Os réus da Ação Penal 470, pelo contrário, foram julgados pelo
envolvimento em um enorme esquema de desvio de dinheiro público para
operar a governabilidade pela via do favorecimento dos partidos aliados
(mensalmente ou não é um mero detalhe), que resultou na aprovação da
Reforma da Previdência (contra os interesses dos trabalhadores), na
aprovação dos transgênicos, do Código Florestal e de tantas outras
iniciativas que nem de perto atacam a ordem burguesa, pelo contrário, a
favorecem e fortalecem.
Além de Romeu Queiroz (PTB), que já está na Penitenciária da Papuda
(hoje um anexo do Congresso Nacional), há vários outros já condenados no
mesmo processo que serão presos em breve, como o delator do esquema,
Roberto Jefferson (também do PTB), e mais cinco parlamentares de outras
legendas, como os atuais PP e PR, todos da eclética fauna política que
dá sustentação ao governo.
Pergunta-se: estes também serão considerados presos políticos pelo
PT? Haverá solidariedade a esses aliados comprados a peso de ouro?

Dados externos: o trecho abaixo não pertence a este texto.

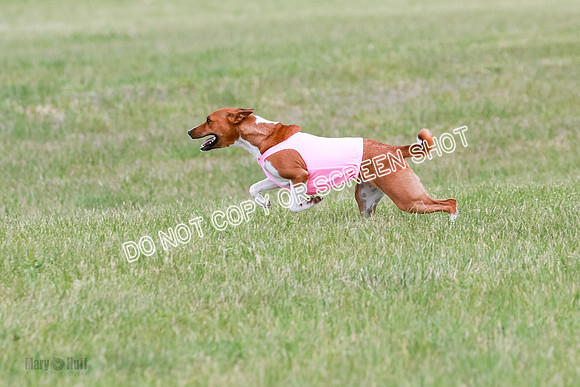 E Final Fch 1 Nightwing, Coco, Henna-8822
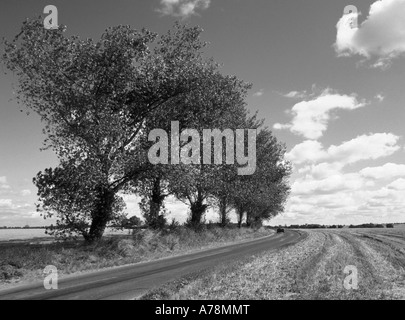 Paysage campagne du Suffolk Big Sky Country Road en passant par chaume domaine des terres agricoles non clôturées flanquée de rangée d'arbres matures England UK Banque D'Images
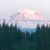 Rhonda Fortner's profile image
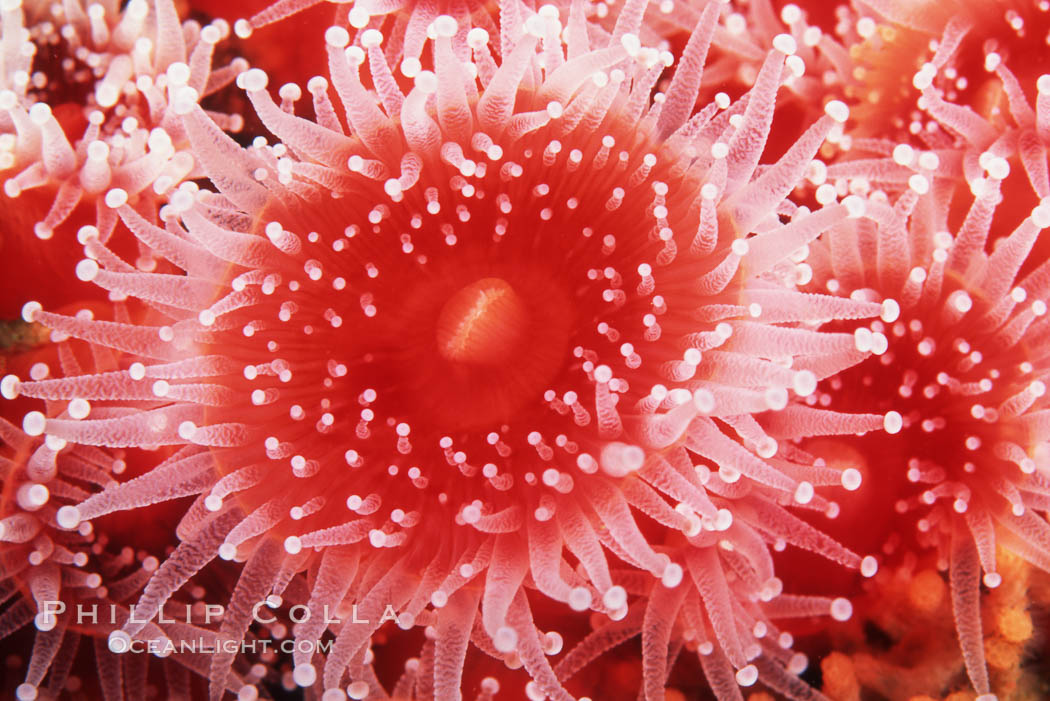 Strawberry anemone (club-tipped anemone, more correctly a corallimorph). Scripps Canyon, La Jolla, California, USA, Corynactis californica, natural history stock photograph, photo id 05309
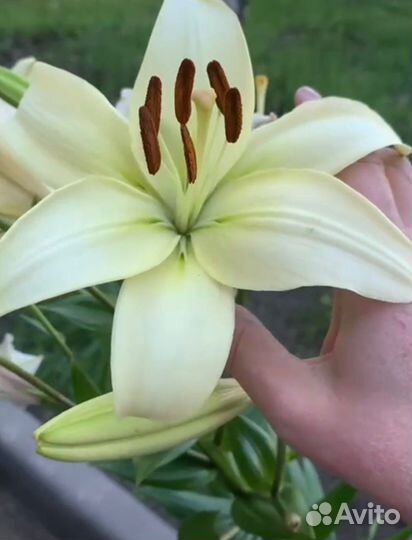 Лилия дерево Pretty Woman саженцы и луковицы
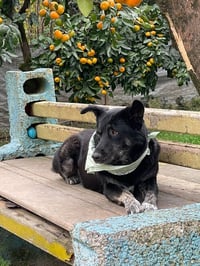 TOODLES (Rep of Georgia) kt - Photo 3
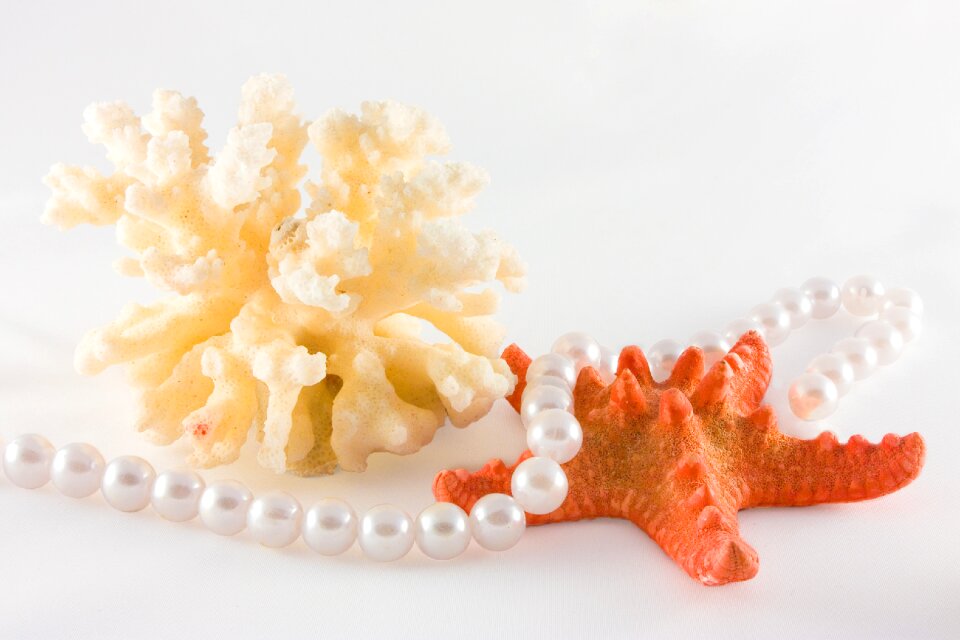 Coral still life sea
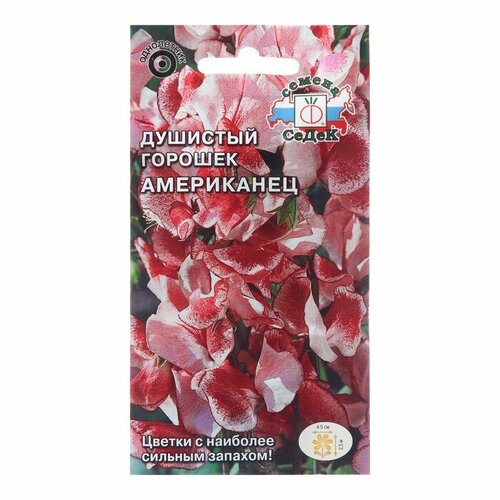 семена душистый горошек маленький принц 0 5г Семена цветов Душистый Горошек Американец,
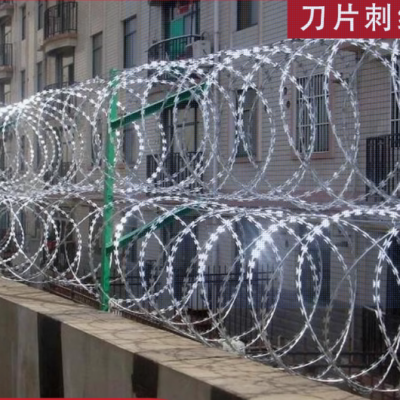Razor Wire Stainless Steel Roller Cage Anti Rust Protection Barbed Wire Barbed Wire Anti Theft Anti Climbing Barbed Wire Fence Anti Climbing Mesh photo-4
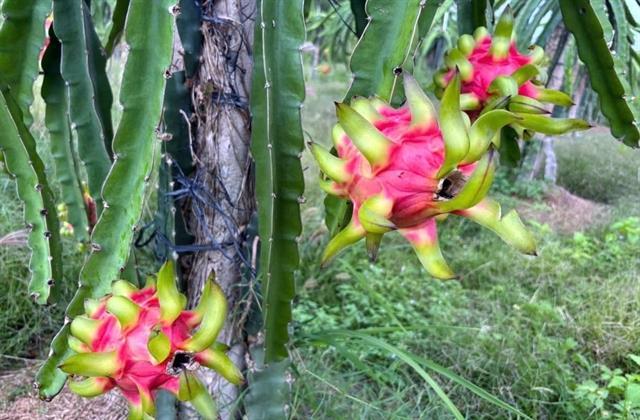 Administrative delays threaten export of Vietnamese agricultural products to the EU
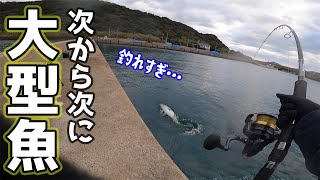 【異常発生】あんなに釣るのが難しかったはずの大人気魚が次から次に釣れまくる！！ [upl. by Gualtiero]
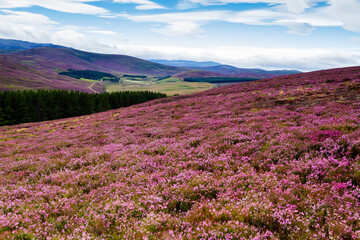 Picturesque road in Scottish Highlands, Cairngorm National Park near Lecht Ski Resort, Scotland,...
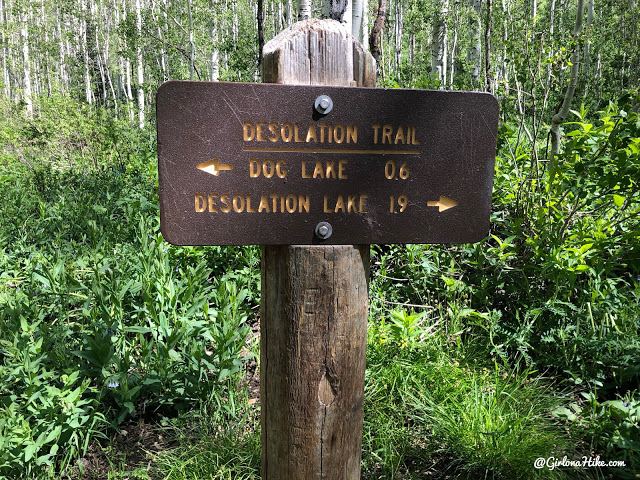 The trail heads up, and East for the first 15 minutes. After 15-20 minutes, the trail will turn left, or North, and follow the canyon up.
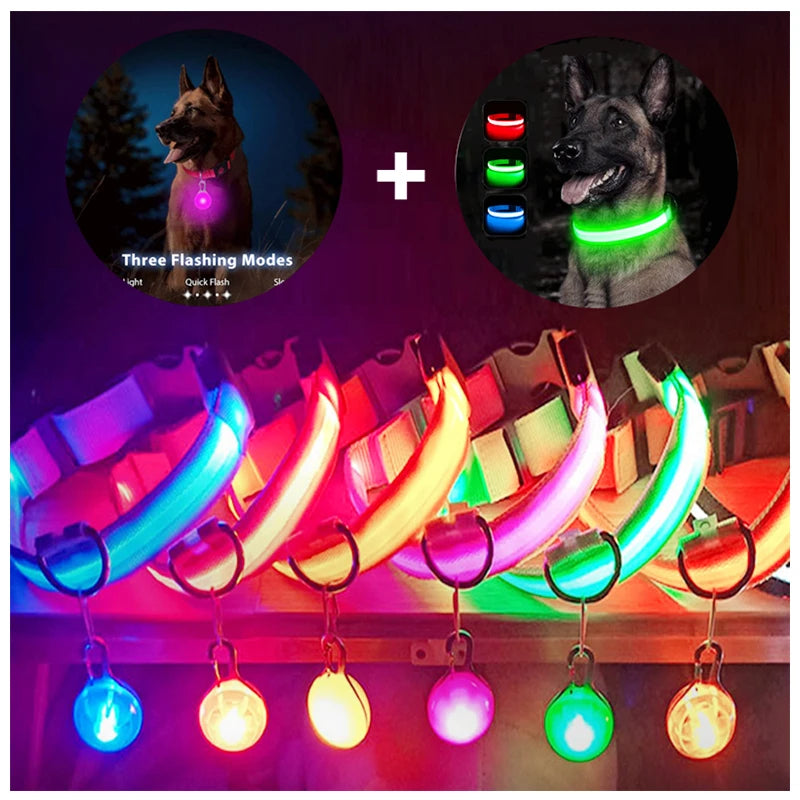 USB Charging Bright LED Dog Collar for Night Safety - Smarsty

Da mesma forma que o PT acredita na neutralidade do Estado, acreditou
na neutralidade da justiça e está pagando o preço por isso e pela forma
como optou por sustentar sua governabilidade. O PT acreditou que, por
operar da mesma forma que os governos anteriores, isto o protegeria, e
agora só lhe resta lamentar que outros esquemas igualmente corruptos e
ilegais como os do PSDB não tenham sido apurados. Entretanto, o próprio
governo petista fez a sua parte ao não denunciar as irregularidades do
governo anterior, jogando para debaixo do tapete toda a sujeira do
período FHC, como os escândalos da compra de votos para a aprovação da
reeleição, as privatizações das telecomunicações e da Vale do Rio Doce.

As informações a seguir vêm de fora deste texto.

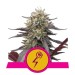 Green Punch - Royal Queen Seeds femminizzati Royal Queen Seeds €29,00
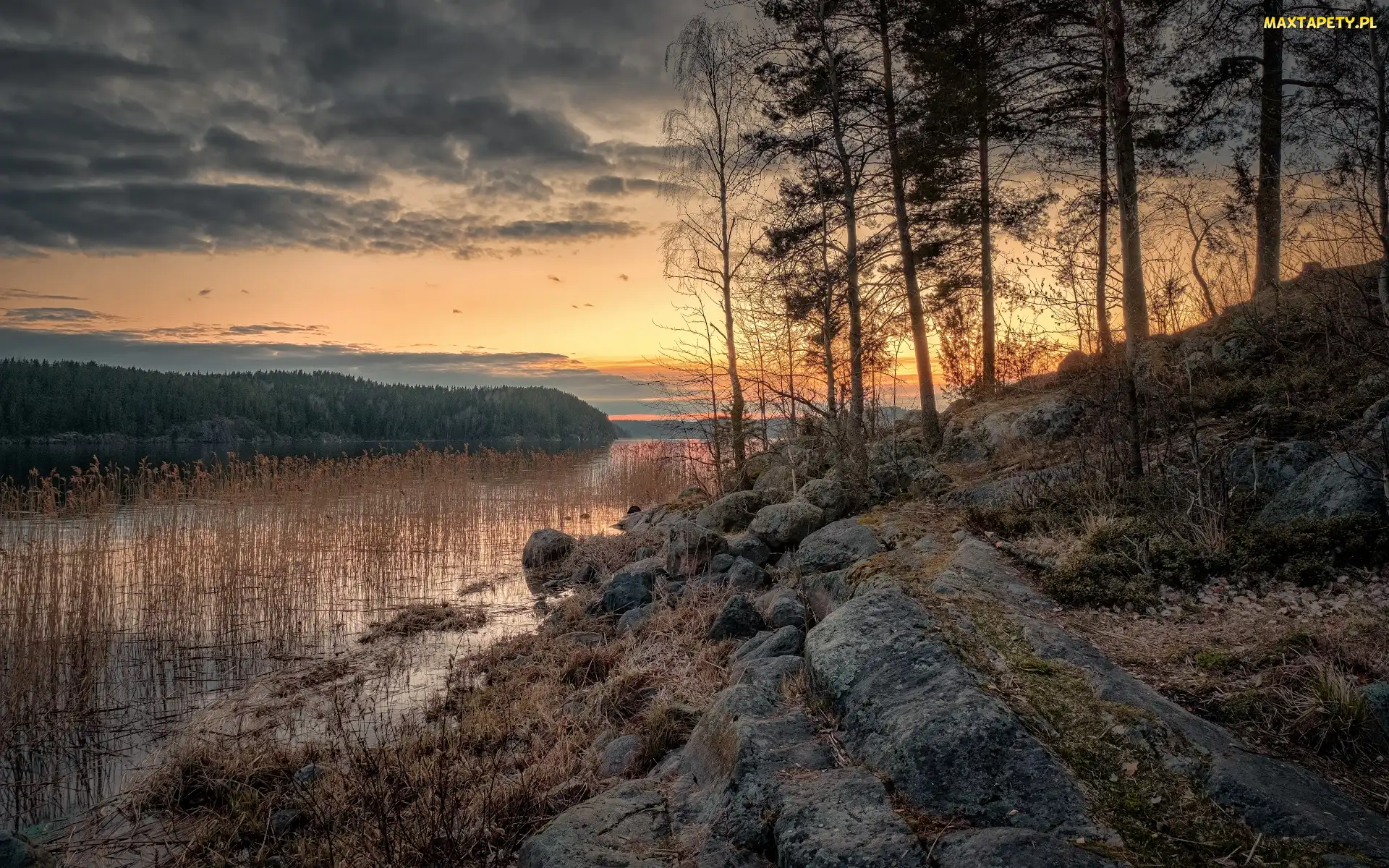 Jezioro Ładoga, Chmury, Zachód słońca, Drzewa, Karelia, Skały, Rosja, Szuwary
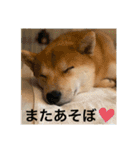 赤柴日記4（個別スタンプ：11）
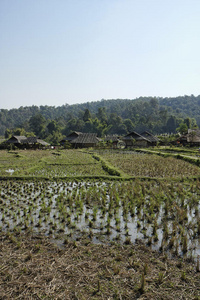 泰国清迈凯伦长颈村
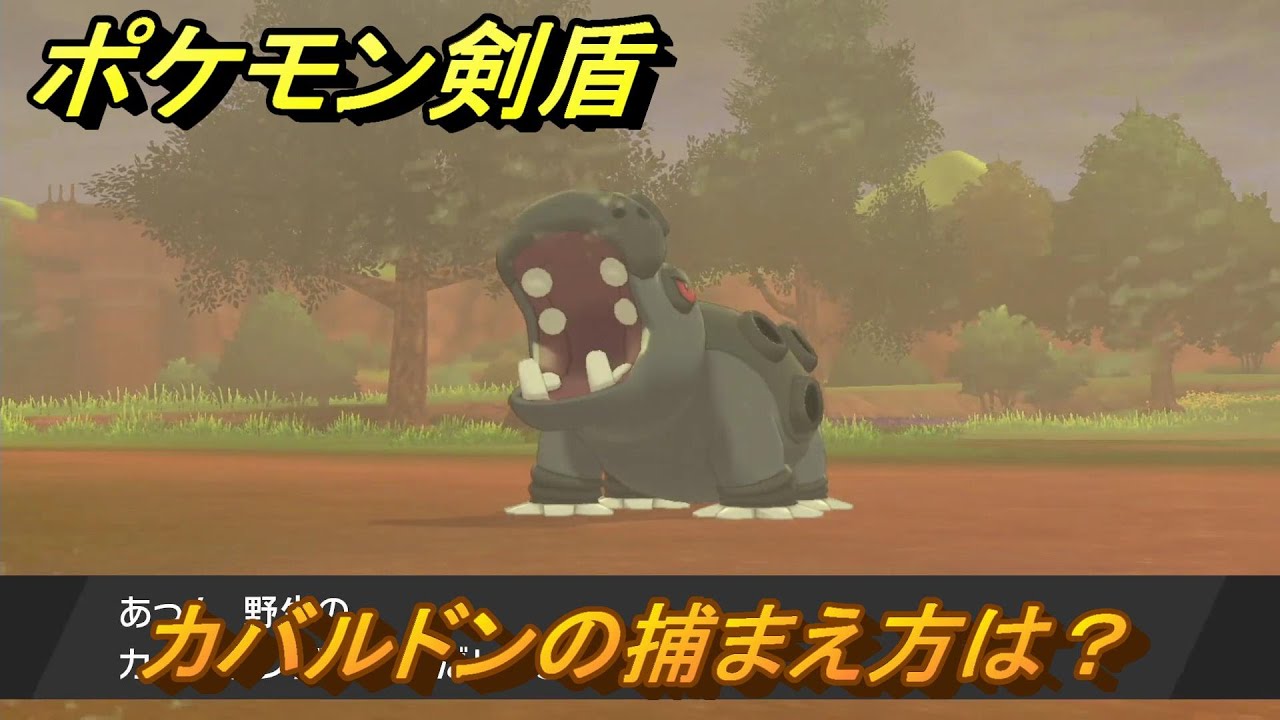 ポケモン剣盾　カバルドンの出現場所は？オススメの場所は？天気は？ポケモン図鑑コンプへの道！　最新版【ポケモンソード・シールド】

Beneficiou-se, enfim, dos mesmos métodos usados para buscar
governabilidade no seio de uma aliança conservadora com os partidos que
expressam o que há de pior na política brasileira.
Desta maneira, o PCB reafirma a certeza de que vivemos em um país no
qual se opera uma justiça de classe contra os oprimidos, no quadro de um
Estado Burguês que não hesita em torcer os limites do legal para
adequar a ordem jurídica aos seus interesses, como fica cotidianamente
comprovado nas favelas e bairros pobres deste país, de onde vem a
esmagadora maioria daqueles que vão parar no sistema carcerário.
Reiteramos nossa solidariedade para com todos os presos políticos
existentes hoje no Brasil, que não são os réus da Ação Penal 470, mas os
militantes e ativistas presos (alguns mortos pelo aparato repressor
como Amarildo) durante e depois das manifestações de massa deste ano,
sequestrados em suas casas ou nas ruas e acusados de formação de
quadrilha, enquadrados na Lei de Segurança Nacional ou na Lei das
Organizações Criminosas, quando exerciam seu direito legítimo e
inquestionável de protestar contra a ordem do capital. Da mesma forma
que empenhamos nossa solidariedade para com as vítimas e familiares
daqueles que todos os dias são perseguidos, atacados e assassinados nas
periferias das grandes cidades, na luta pela terra ou em defesa dos
povos indígenas, quilombolas e outros grupos sociais.